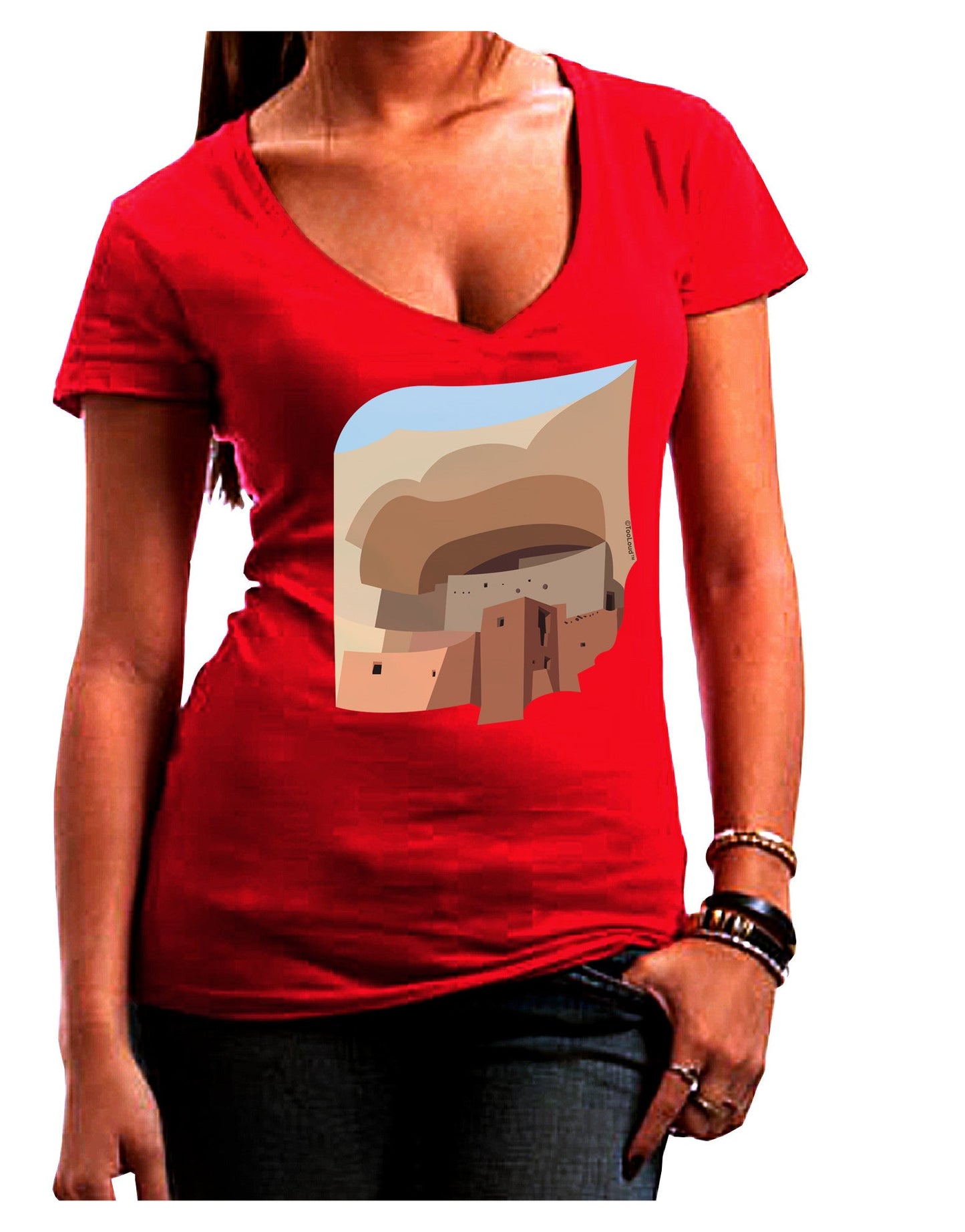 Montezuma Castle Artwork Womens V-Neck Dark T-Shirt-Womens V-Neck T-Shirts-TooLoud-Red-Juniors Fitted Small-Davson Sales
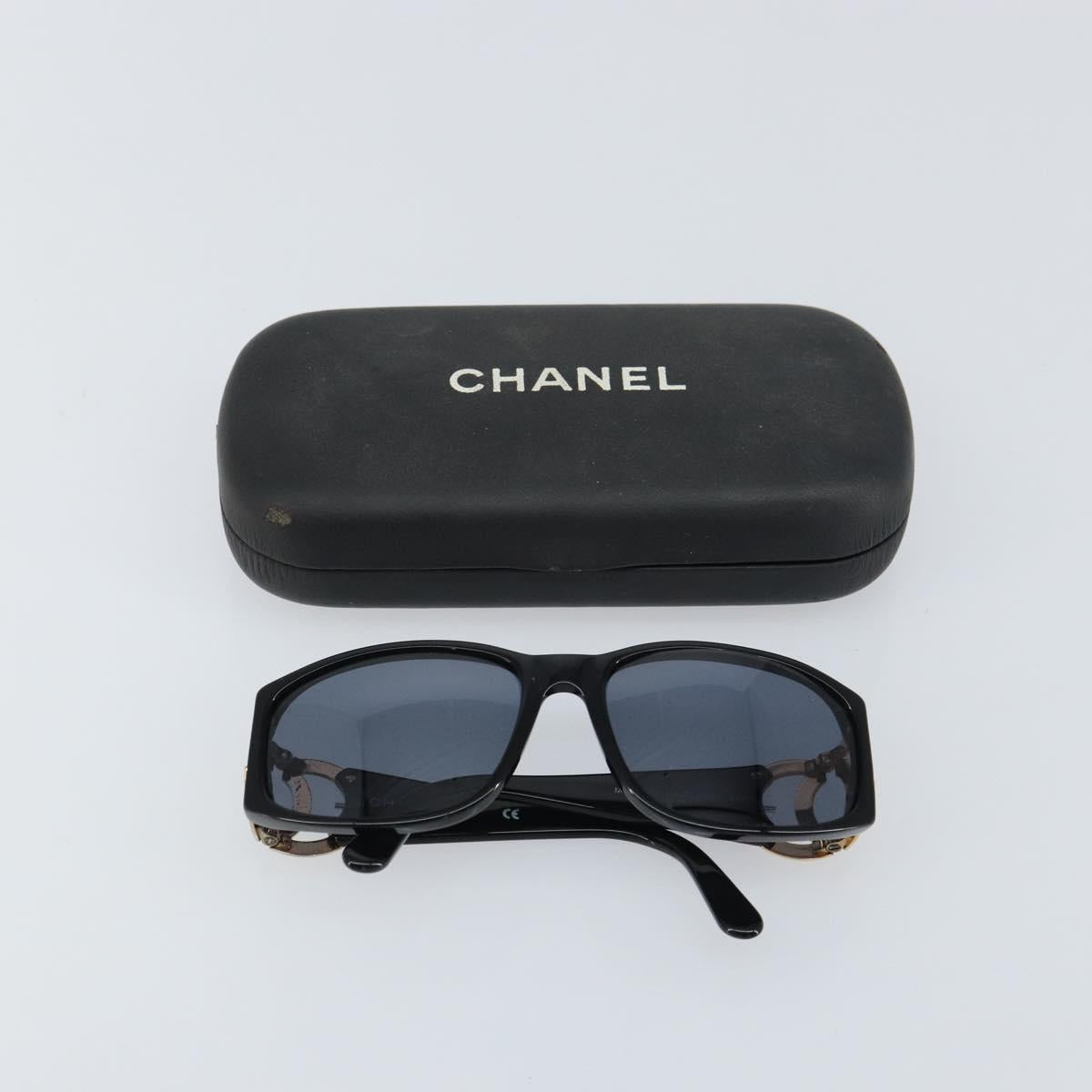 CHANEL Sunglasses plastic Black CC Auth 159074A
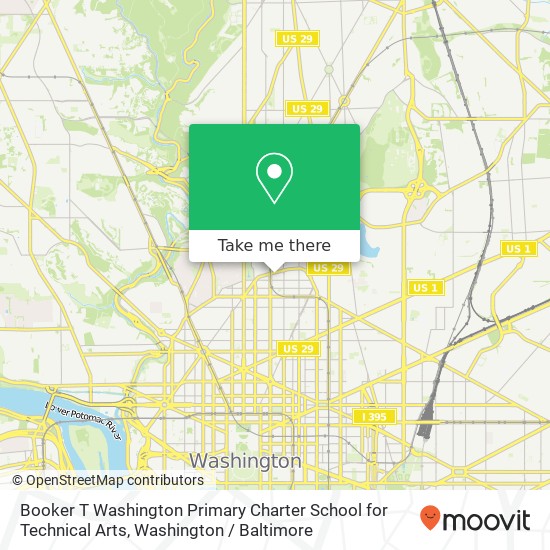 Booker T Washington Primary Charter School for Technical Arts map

* * *

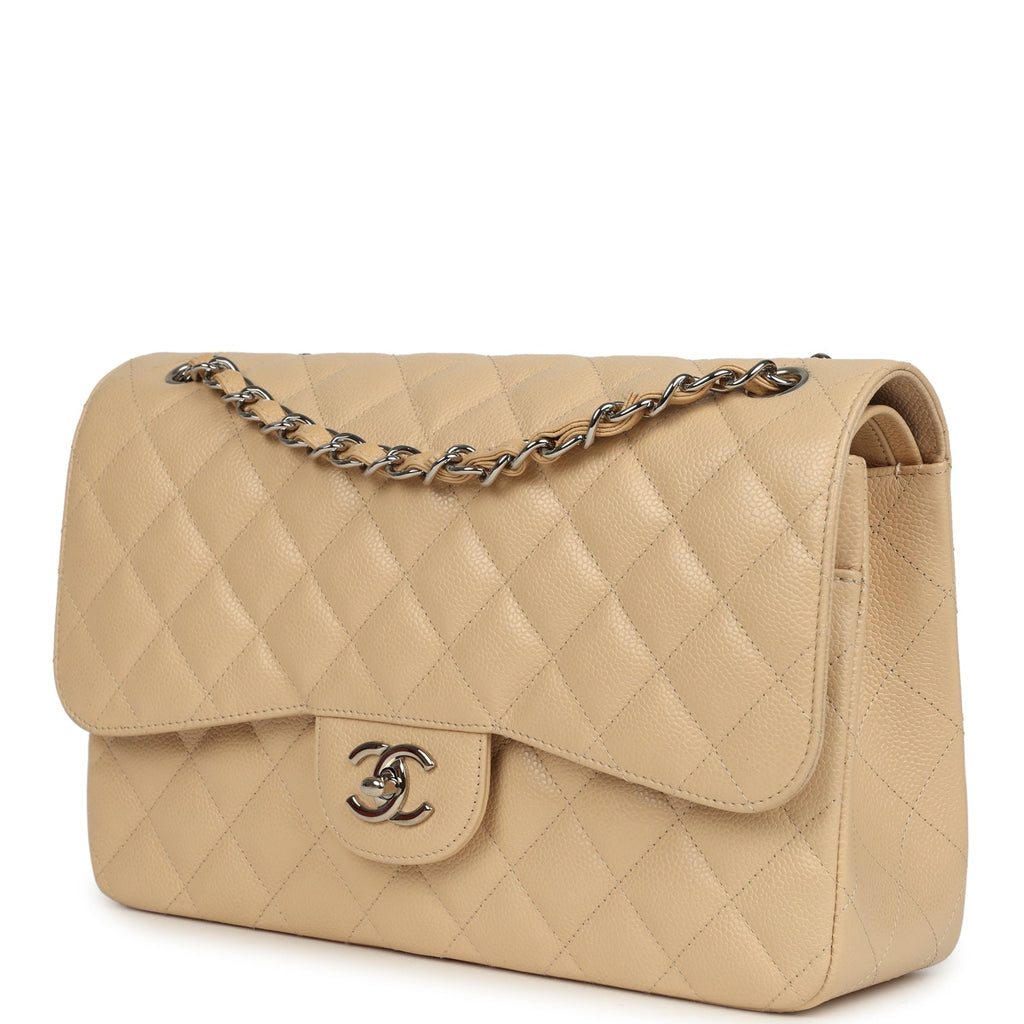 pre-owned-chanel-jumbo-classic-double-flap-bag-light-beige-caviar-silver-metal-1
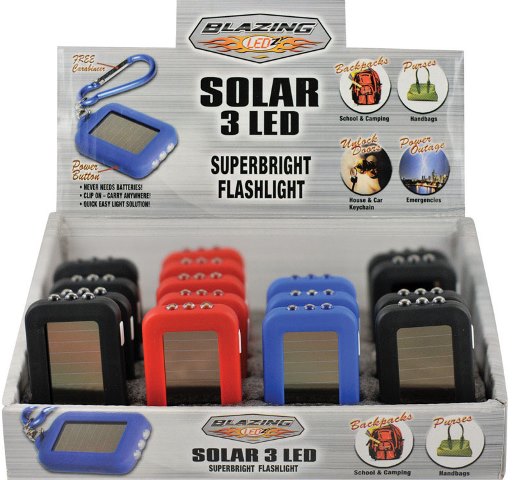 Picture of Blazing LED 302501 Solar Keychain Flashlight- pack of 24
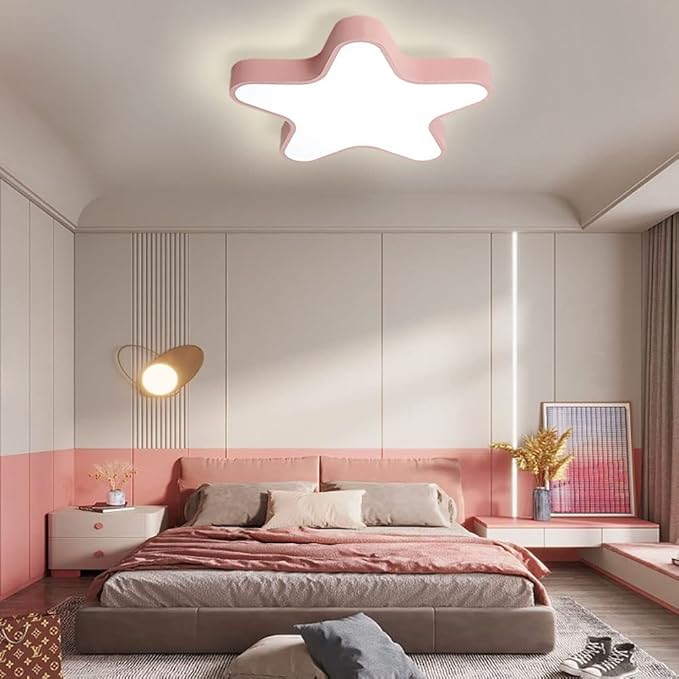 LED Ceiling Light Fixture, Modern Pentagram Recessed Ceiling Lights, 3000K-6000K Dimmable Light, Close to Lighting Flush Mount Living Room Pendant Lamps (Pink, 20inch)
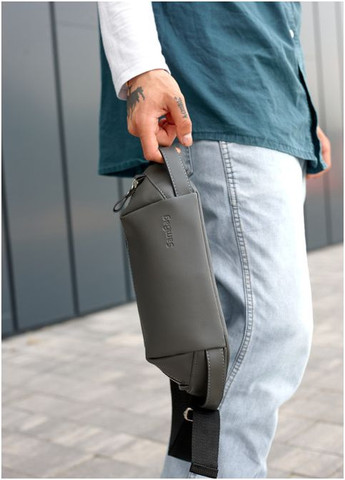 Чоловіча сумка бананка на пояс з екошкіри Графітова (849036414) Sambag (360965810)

---

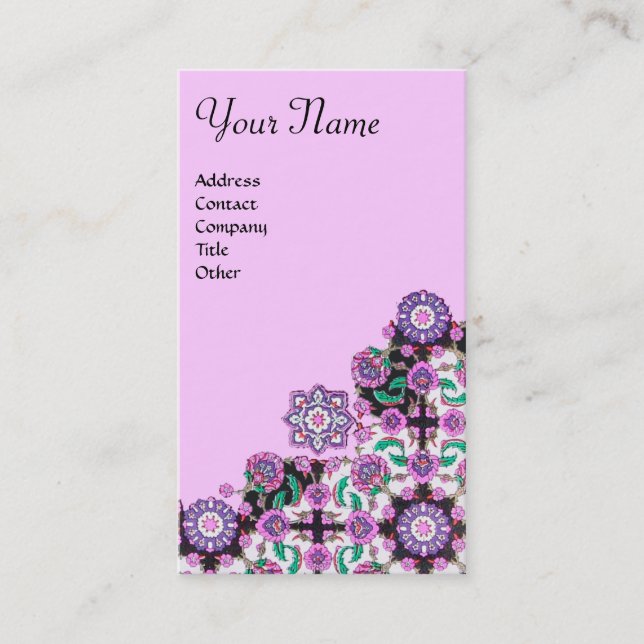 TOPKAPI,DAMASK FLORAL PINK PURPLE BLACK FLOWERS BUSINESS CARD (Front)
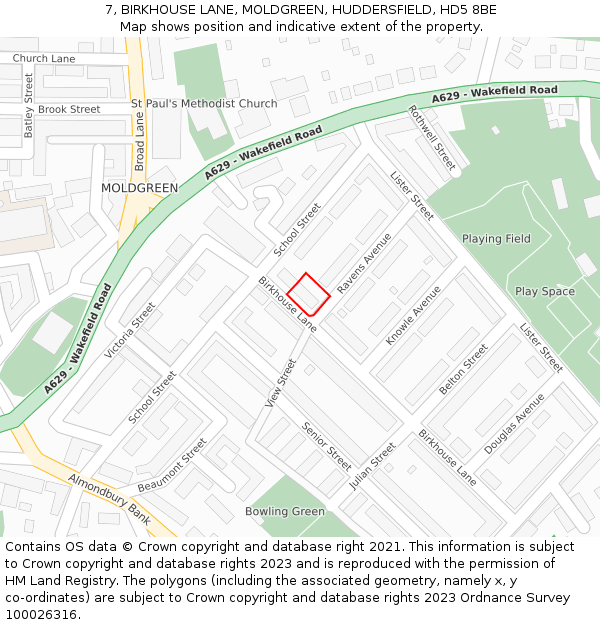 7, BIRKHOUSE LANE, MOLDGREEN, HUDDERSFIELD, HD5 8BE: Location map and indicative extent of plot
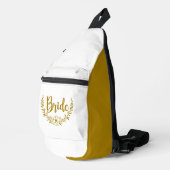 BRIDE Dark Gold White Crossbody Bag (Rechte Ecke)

> [What is being asked]:
Reproduce word for word, with pictures dropped, only the part of the material above that opens with the line containing "LED Ceiling Light" and closes with the line containing "Чоловіча сумка бананка".

> [Exercise answer]:
 LED Ceiling Light Fixture, Modern Pentagram Recessed Ceiling Lights, 3000K-6000K Dimmable Light, Close to Lighting Flush Mount Living Room Pendant Lamps (Pink, 20inch)
 Чоловіча сумка бананка на пояс з екошкіри Графітова (849036414) Sambag (360965810)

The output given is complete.